“Live, work and play” is the mantra of the smart growth movement. Ft. Lauderdale, with its refreshing Atlantic waters and reputation as a beach and resort area, has no problems living up to the “play” billing.
Completing the trinity, though, is vital for the southeast Florida county. The REALTOR® Association of Greater Ft. Lauderdale (RAGFL) has been using National Association of REALTORS® Smart Growth Action grants to help spread the smart growth word and help sunny South Florida better plan for future growth.
“As time goes on, we are educating the officials of South Florida for the 21st century,” said Adam Sanders, director of government affairs for RAGFL. “We definitely believe our efforts are helping the cause.”
Sanders says now is the time to champion smart growth. Broward County is the second most populated county in the state, and according to the latest Census data, had a population of 1.76 million people in 2009. Yet the county, which touches the Atlantic on the eastern border and the Florida Everglades on its western border, has little space to build out. And redevelopment is a must if the area is going to keep pace with the needs of its residents, visitors and business partners that have located firms and companies there.

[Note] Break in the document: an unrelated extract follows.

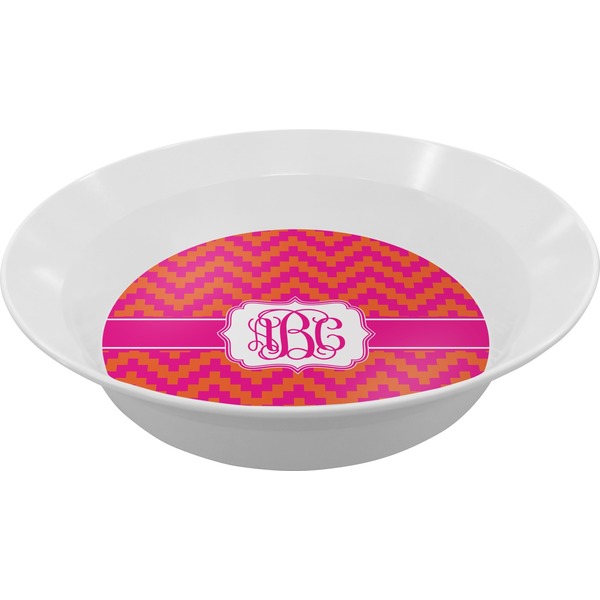 Custom Pink & Orange Chevron Melamine Bowl (Personalized)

The National Association of REALTORS®’ grants have allowed the RAGFL to support a number of initiatives, including hosting a springtime mayoral breakfast that allows an exchange between smart growth advocates and local government officials.
There are 31 different municipalities in Broward County, ranging from ocean front Ft. Lauderdale to suburban Cooper City. Getting the mayors and their staff from all those areas to attend is sometimes easier said than done, Sanders said. “But when we ask, they always come,” he said noting that 27 of the 31 municipalities had representatives at the 2010 breakfast, where about 250 people showed up.

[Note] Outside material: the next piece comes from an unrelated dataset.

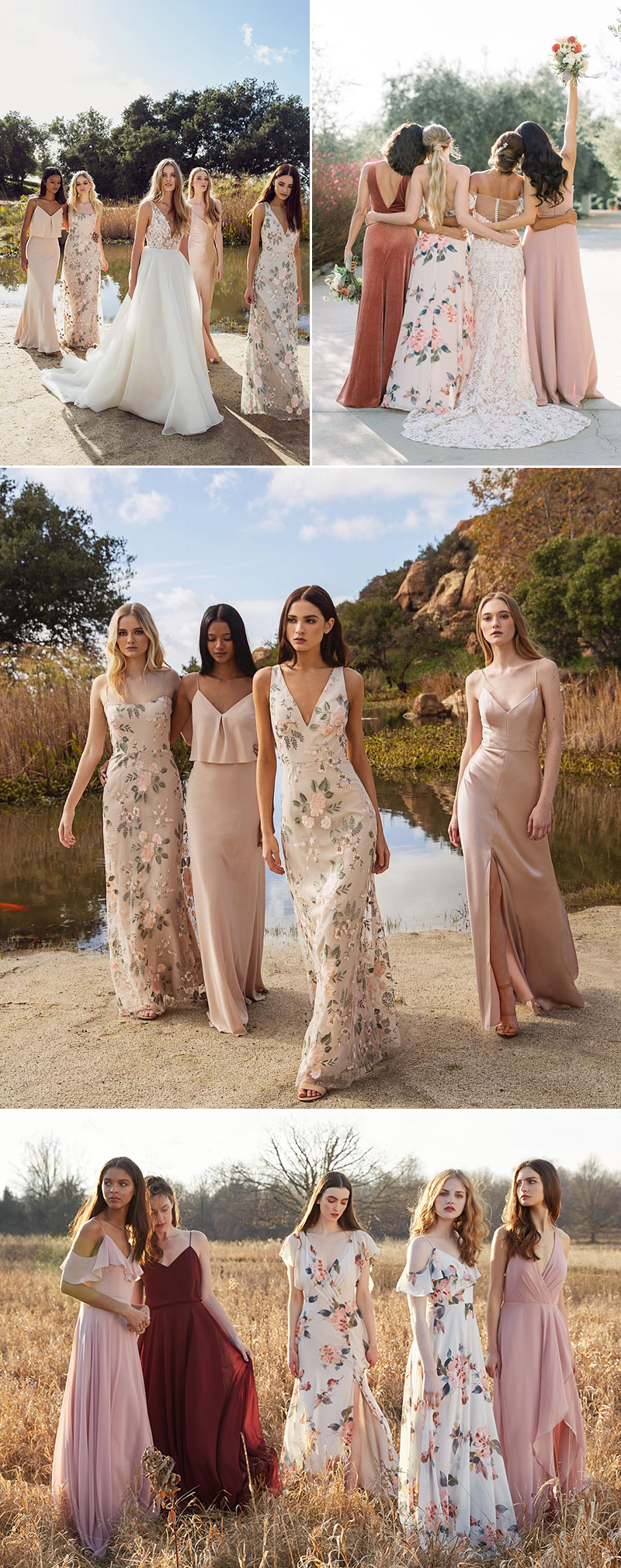 Sophisticated Mix Bridesmaids01 Floral Dusty Pink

“It really helps to promote open discussion on smart planning,” he said of the event that allows residents to mingle with their local county officials.
Also, the RAGFL, in January, brought in Joe Molinaro with NAR’s smart growth program to speak to its members and community leaders about placemaking and economic development. Meeting in the REALTORS®’ new 10,000-square-foot, 80-percent compliant “green building,” the audience included the mayor of Pembroke Pines, Fran Ortis; Oakland Park Mayor Allegra Murphy; Wilton Manors Mayor Gary Resnick; and Broward County Commissioner Tom Green.
Sanders said the presentation was so well received that even folks who couldn’t make the presentation have been asking for materials. “They heard it was informative and wanted to learn more about how placemaking can create jobs in today’s economy,” he said.
Newly elected Broward County Commissioner Chip LaMarca — who attended the meeting — said it was beneficial.
“It is clear that the incorporation of smart growth principles is crucial to the future vitality of my community, both in terms of livability and economic development,” he said.
Sanders said the RAGFL has “made it its mission to educate local elected and planning officials” about smart growth. To help achieve those goals, the RAGFL also has partnered with the Smart Growth Partnership (SGP) in southeast Florida. Sanders has served on the Smart Growth Partnership Board of Directors since its inception in 2005.
SGP founder Gloria Katz said the RAGFL has helped her group with several initiatives. Katz said the goal of the group is to make Broward County residents comfortable in their spaces and places and confident that the area is a place where they can work and play and raise a family. The goal is to make sure people understand it’s more than just a sunny, playground.
“I think the REALTORS® can help in making that a reality,” she said. “We have similar efforts.”
SGP is now focusing its efforts on implementing a “Complete Streets” policy that would ensure transportation planners and engineers design roadways with all users in mind when they plan roads, from bicyclists to mass transportation users and pedestrians.
The Complete Streets approach in planning is championed by the not-for-profit National Complete Streets Coalition. The movement, which is supported by REALTORS®, is growing exponentially. There were 80 Complete Streets policies approved in 2010, said Stefanie Seskin, state and local policy manager for the national coalition. That’s a 100-percent increase from the number of policies approved the year before, and quadruple the number of policies that were approved in 2008.
The National Complete Streets Coalition has identified 10 elements to the Complete Streets policy, which include applying the standards to all agencies — state, county and local — and on all roads. Complete Streets policies are applied to all projects, from new roads to retrofit projects.
If successful with its Complete Streets campaign, Broward County would join a handful of other Florida locations that have taken the plunge, which, according to Seskin, include the city of Miami, West Palm Beach, Pensacola and Lee County.
A central theme of the Complete Streets movement is accessibility for all users. Seskin said the focus is on making the transportation system “work better for everyone who needs to be there.”
RAGFL and SGP are in the early stages of working with the Broward Metropolitan Planning Organization to discuss incorporating the principles into road projects there. Sanders said Pompano Beach and Hollywood are areas that he thinks would benefit from this style of thinking.
“Well designed universally accessible streets,” Sanders said, “are necessary to a safe, equitable and prosperous community.”